- [Information given]
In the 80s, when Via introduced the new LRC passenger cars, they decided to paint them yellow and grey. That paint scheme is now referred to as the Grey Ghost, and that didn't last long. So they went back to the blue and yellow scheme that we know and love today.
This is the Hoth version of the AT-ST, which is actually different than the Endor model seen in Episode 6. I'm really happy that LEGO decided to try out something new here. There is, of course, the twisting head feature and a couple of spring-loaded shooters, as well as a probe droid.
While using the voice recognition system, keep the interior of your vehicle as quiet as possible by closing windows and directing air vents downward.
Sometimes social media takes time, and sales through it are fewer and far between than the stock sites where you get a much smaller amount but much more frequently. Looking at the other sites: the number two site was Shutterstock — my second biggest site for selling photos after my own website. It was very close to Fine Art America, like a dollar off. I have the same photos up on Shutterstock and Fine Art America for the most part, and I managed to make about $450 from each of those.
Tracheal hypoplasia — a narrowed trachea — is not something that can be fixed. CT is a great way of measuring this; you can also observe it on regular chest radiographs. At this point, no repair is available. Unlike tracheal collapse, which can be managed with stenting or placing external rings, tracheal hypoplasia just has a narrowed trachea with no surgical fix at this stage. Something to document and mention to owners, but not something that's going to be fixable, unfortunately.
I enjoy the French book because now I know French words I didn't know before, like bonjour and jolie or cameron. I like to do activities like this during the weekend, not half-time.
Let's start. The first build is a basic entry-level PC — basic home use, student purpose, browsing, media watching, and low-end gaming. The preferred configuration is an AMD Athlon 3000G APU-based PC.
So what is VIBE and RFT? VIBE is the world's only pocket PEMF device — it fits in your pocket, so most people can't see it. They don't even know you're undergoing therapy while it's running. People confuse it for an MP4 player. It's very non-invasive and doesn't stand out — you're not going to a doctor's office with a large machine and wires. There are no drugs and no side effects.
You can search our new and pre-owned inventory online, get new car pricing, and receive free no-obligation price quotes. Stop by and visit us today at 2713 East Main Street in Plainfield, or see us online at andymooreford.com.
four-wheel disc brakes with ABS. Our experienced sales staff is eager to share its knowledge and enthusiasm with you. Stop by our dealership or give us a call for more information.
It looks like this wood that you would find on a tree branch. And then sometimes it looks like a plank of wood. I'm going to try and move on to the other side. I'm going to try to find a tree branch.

- [Task] In the records above, find each line with the word "sales" and copy it out.

- [Exercise response]
Sometimes social media takes time, and sales through it are fewer and far between than the stock sites where you get a much smaller amount but much more frequently. Looking at the other sites: the number two site was Shutterstock — my second biggest site for selling photos after my own website. It was very close to Fine Art America, like a dollar off. I have the same photos up on Shutterstock and Fine Art America for the most part, and I managed to make about $450 from each of those.
four-wheel disc brakes with ABS. Our experienced sales staff is eager to share its knowledge and enthusiasm with you. Stop by our dealership or give us a call for more information.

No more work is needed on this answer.